Wir haben aber nicht nur gesät, wir durften auch ernten. Drei markante Beispiele dazu: • Unsere Vorgängerinnen haben das Wochengeld für Bäuerinnen erkämpft. Wir konnten 2013 nahezu eine Verdoppelung ernten. • Unsere Vorgängerinnen haben das Sorgentelefon „Lebensqualität Bauernhof“ eingeführt. Wir konnten es auf breitere und professionellere Beine stellen zum Wohle aller Bauernfamilien, die an ernsthaften persönlichen oder familiären Problemen zu zerbrechen drohen. • Aktivierende Bezirksbäuerinnentage und motivierende Bäuerinnentage in den Regionen und auf Landesebene machen uns Mut für unsere Aufgabe als Mutter, Partnerin, Betriebsführerin und Mitgestalterin im Dorf. Aus unserem Leitmotiv „Wir bauen auf Vertrauen“ ist eine Bewegung geworden.
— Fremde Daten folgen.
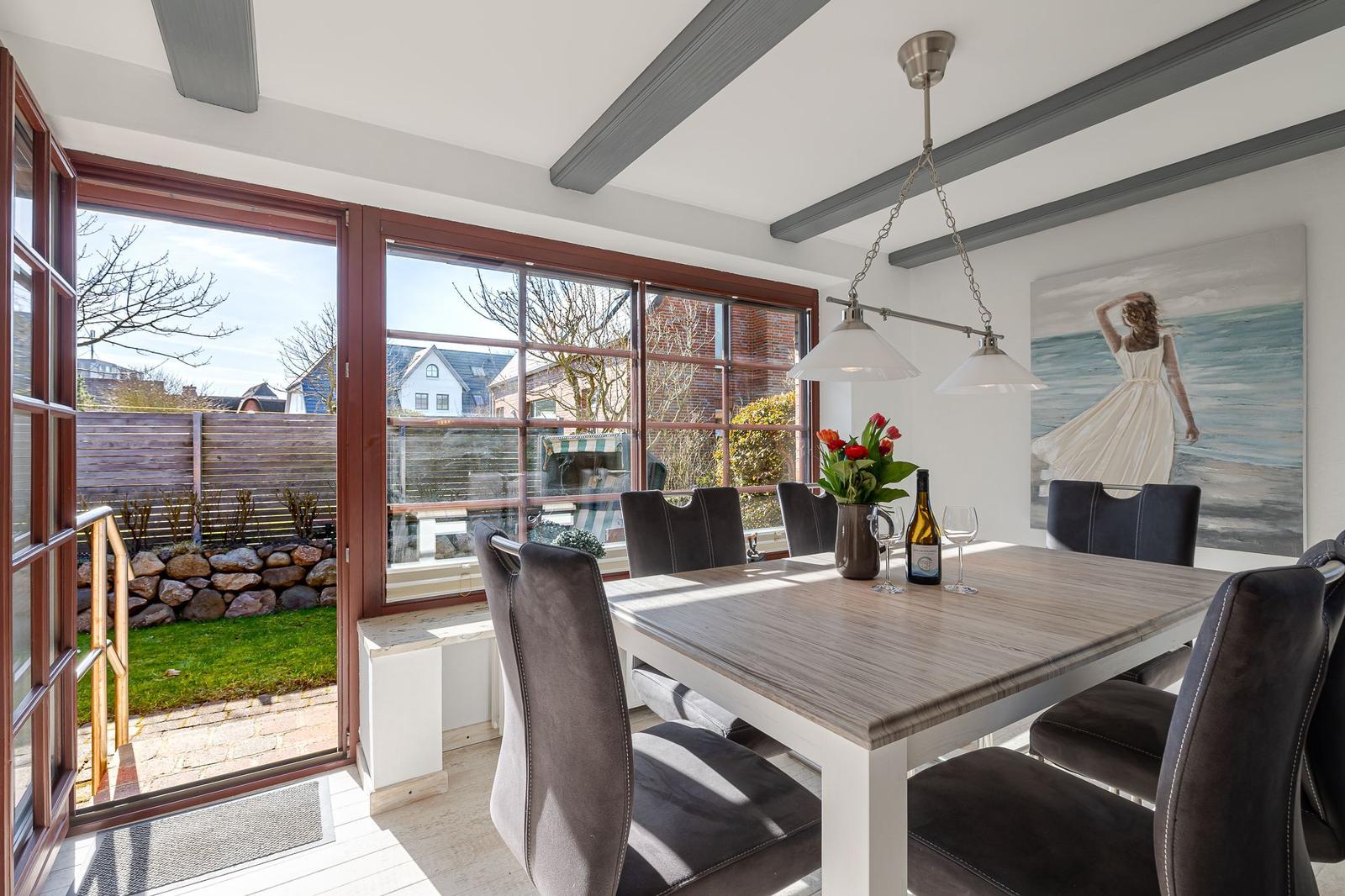 Esstisch mit Stühlen, Fenster zur Terrasse und Wandbild.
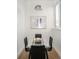 Elegant dining room with a glass-top table and modern lighting at 1117 S Madison St, Denver, CO 80210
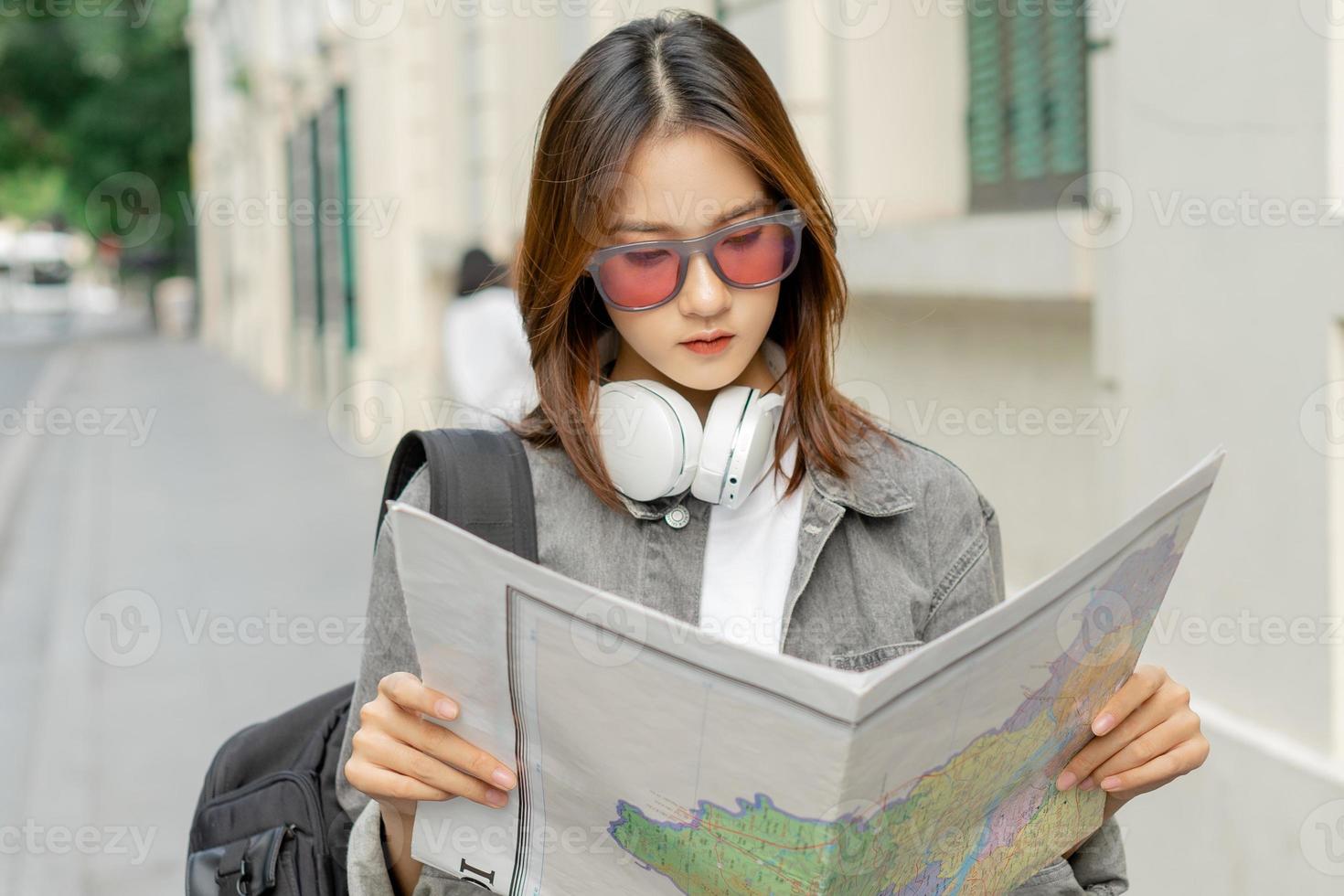 asiatisk kvinnlig turist läser kartan för att hitta sin väg foto
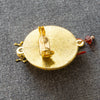 Gold brooch with intricate design on a gray background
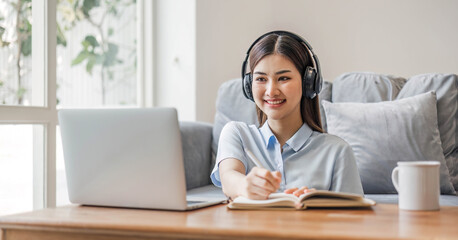 Asian girl student online learning class study online video call zoom teacher, Happy asian girl learn english language online with computer laptop..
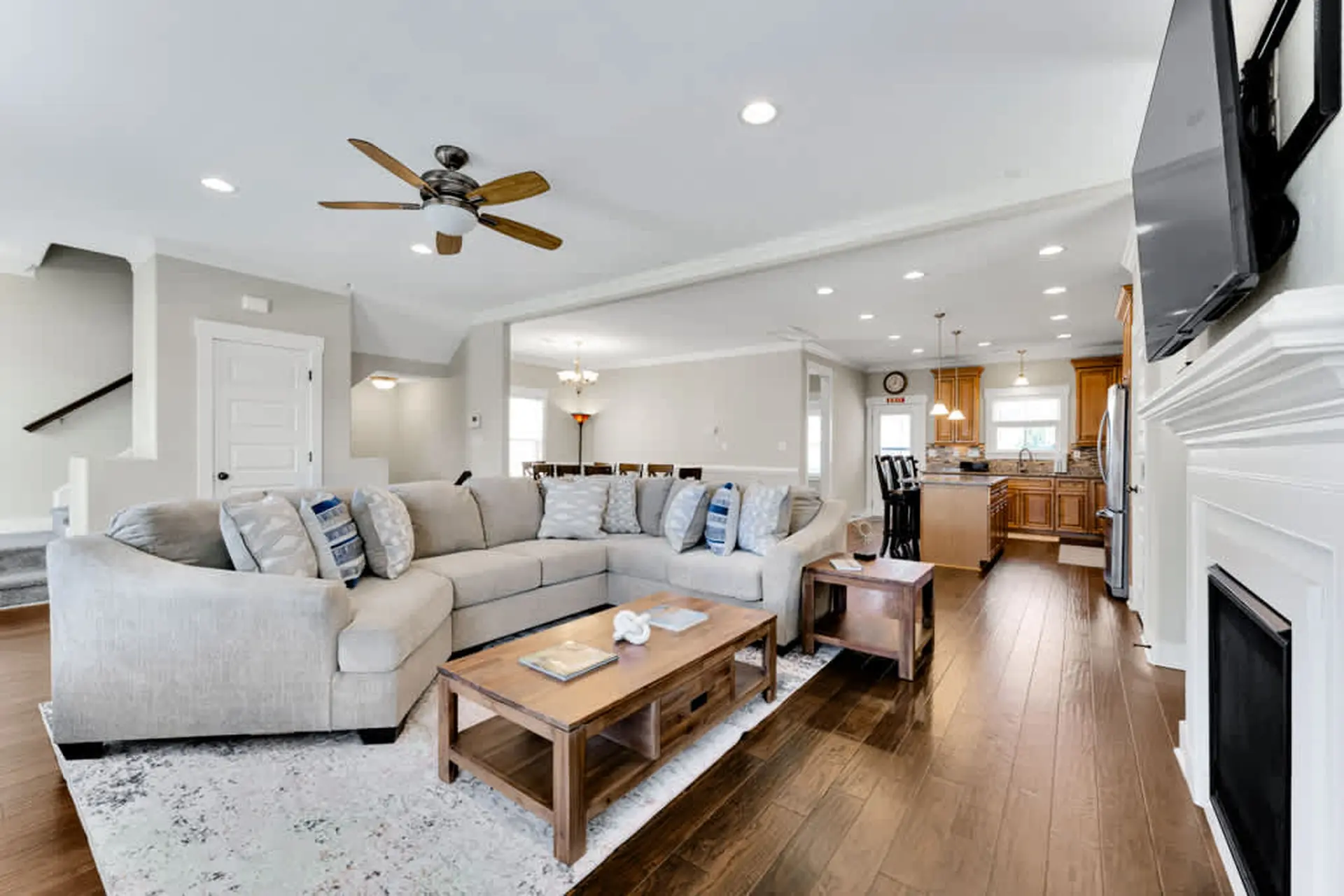 A spacious open-concept living room with a sectional sofa, coffee table, and a kitchen visible.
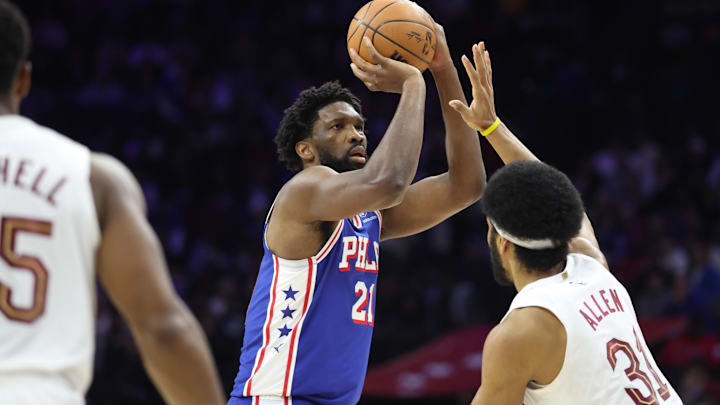 Jan 14, 2026; Philadelphia, Pennsylvania, USA; Philadelphia 76ers center Joel Embiid (21) shoots against Cleveland Cavaliers center Jarrett Allen (31) during the second quarter at Xfinity Mobile Arena. Mandatory Credit: Bill Streicher-Imagn Images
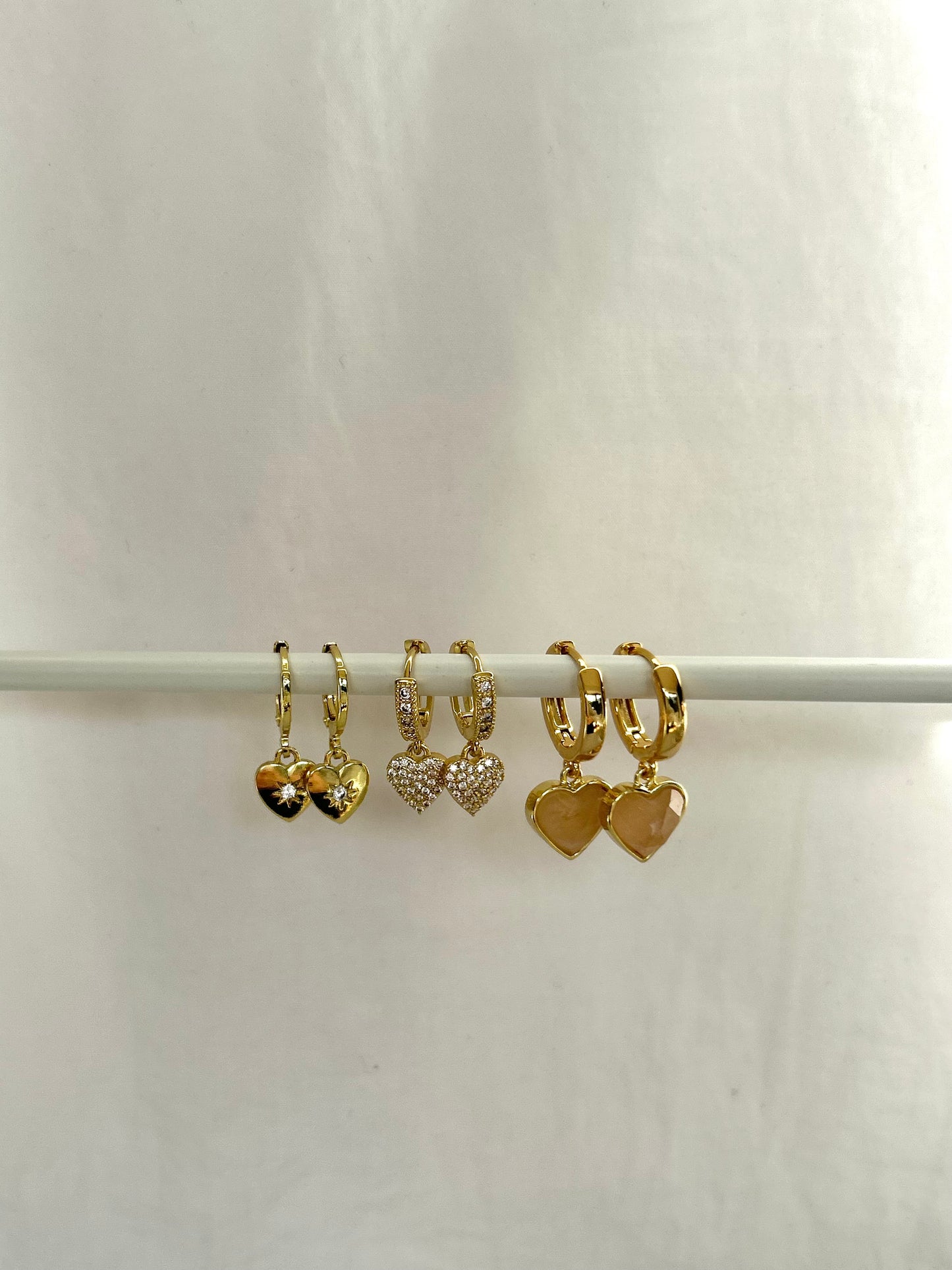 SPARKLE HEART HUGGIE EARRINGS IN 18K GOLD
Eine Bewegung Richtung neues Selbstverständnis der Bäuerin, die nur durch den Einsatz ganz, ganz Vieler möglich ist.

Zukunft

Die Rahmenbedingungen in der Agrarpolitik und auf den Höfen sind härter geworden. Die gesellschaftlichen Veränderungen nagen auch an der Stabilität der bäuerlichen Familie und am Selbstbild der Bäuerin. Und trotzdem haben wir keinen Anlass, den Kopf hängen zu lassen. Wir haben eine Gemeinschaft, die uns stärkt und eine Saat ausgebracht hat, die uns hoffen lässt. Wie beim Gedeihen und Reifen auf unseren Feldern, dürfen wir auch für unsere Bäuerinnenarbeit auf den Segen Gottes vertrauen. Ich wünsche euch, nehmen wir für unsere zukünftige Arbeit von diesem Bäuerinnentag folgende Hoffnungsbilder mit: • Die tragende Gemeinschaft der Bäuerinnen, • die partnerschaftlichen Entscheidungen, • die Einführung des Schulfaches „Ernährungs- und Lebenskompetenz“Ž und • das Selbstverständnis der Bäuerinnen als Seele der bäuerlichen Welt. • Diese Hoffnungsbilder sollten unser Denken und Tun dort beflügeln, wo wir unsere Wurzeln haben. Diese Hoffnungsbilder seien euch Freude, Motivation und Erfüllung.